• Exercise objective
Each line, starting at the one with "2021 Hyundai Santa Fe SEL" and running to the end of the data below, is to be set down again exactly, both ends included; leave pictures out.

Image-caption web data:
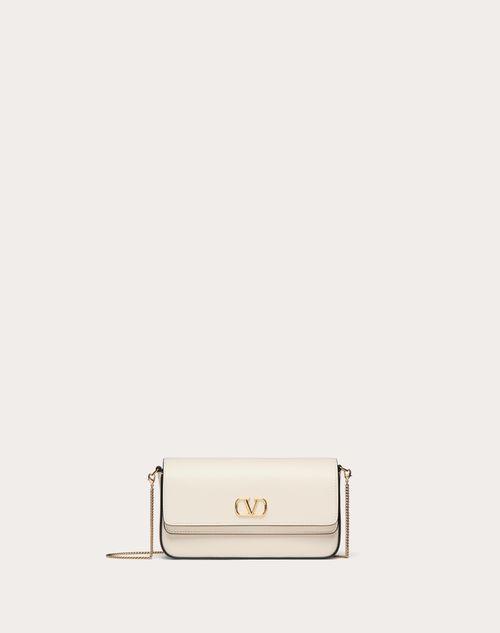 VLOGO SIGNATURE CALFSKIN MINI BAG Product Image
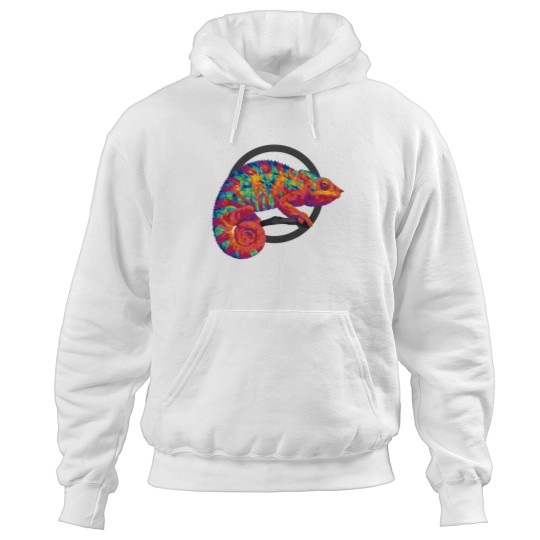 Discover Geo Chameleon Hoodies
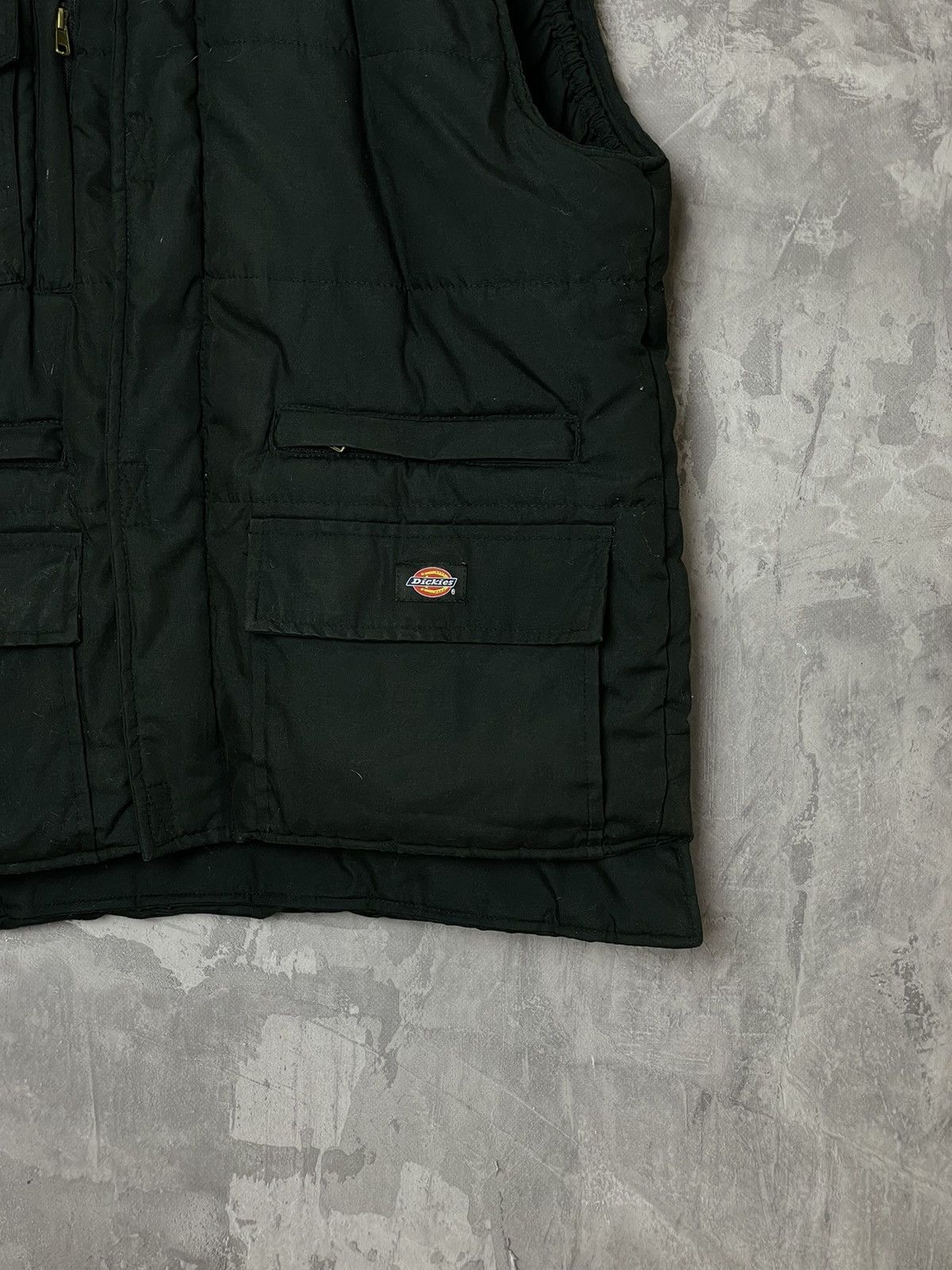 Dickies × Vintage Vintage Dickies hype y2k streetwear multi pocket vest Size US L / EU 52-54 / 3 - 3 Thumbnail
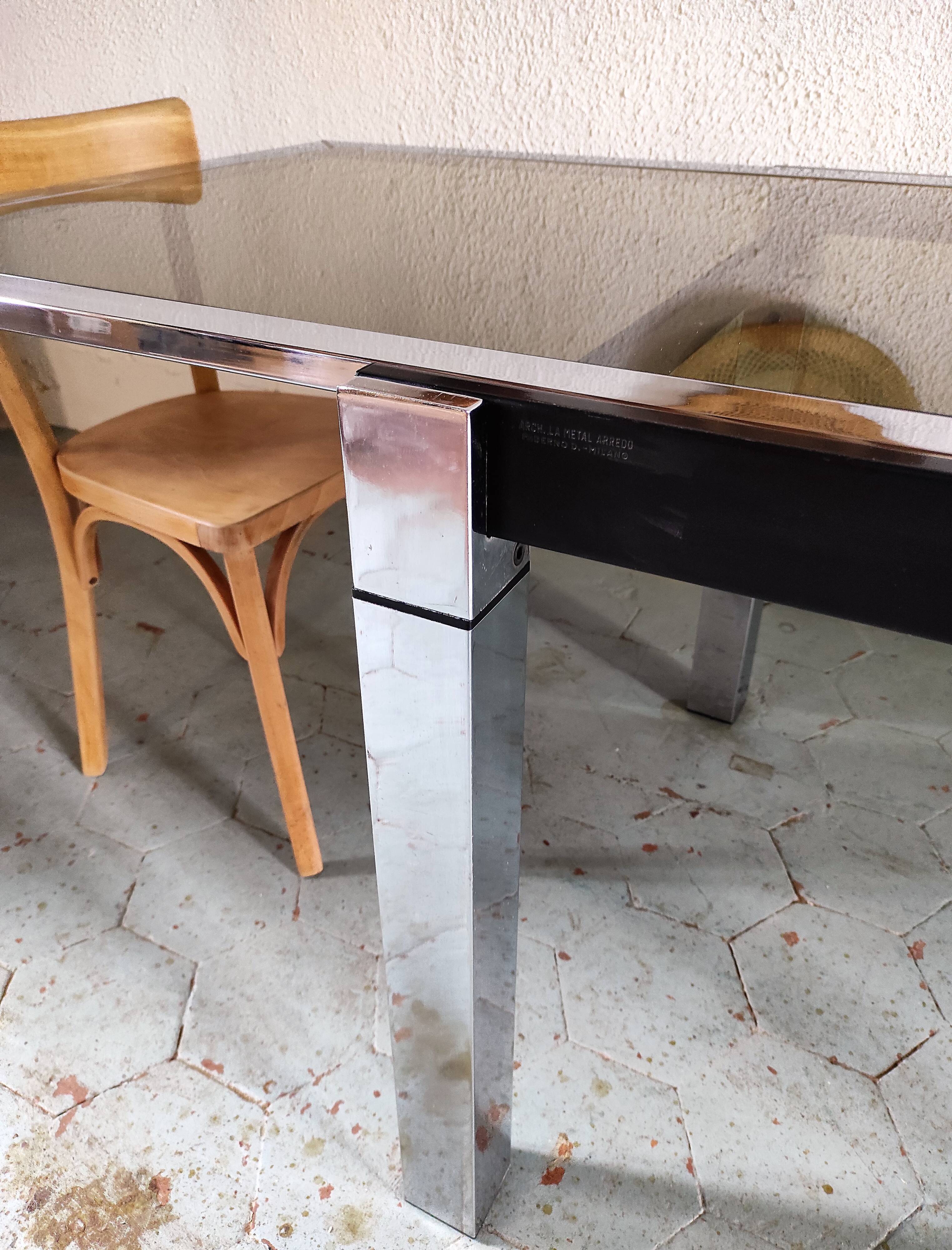 Table la metal Arredo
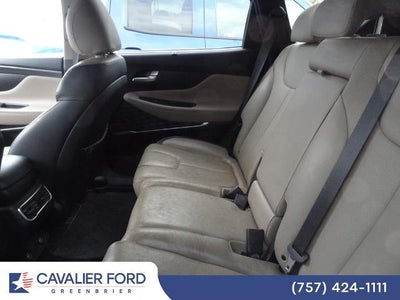 2021 Hyundai Santa Fe SEL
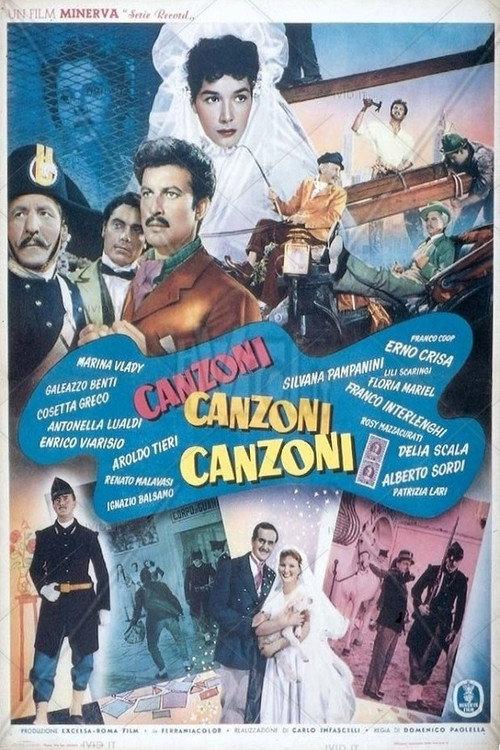 Cavalcade of Song 1953 official movie poster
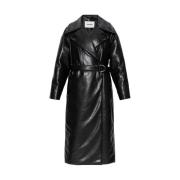 Liano coat Nanushka , Black , Dames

• Answer to the exercise
 2021 Hyundai Santa Fe SEL
 Cavalcade of Song 1953 official movie poster
 Liano coat Nanushka , Black , Dames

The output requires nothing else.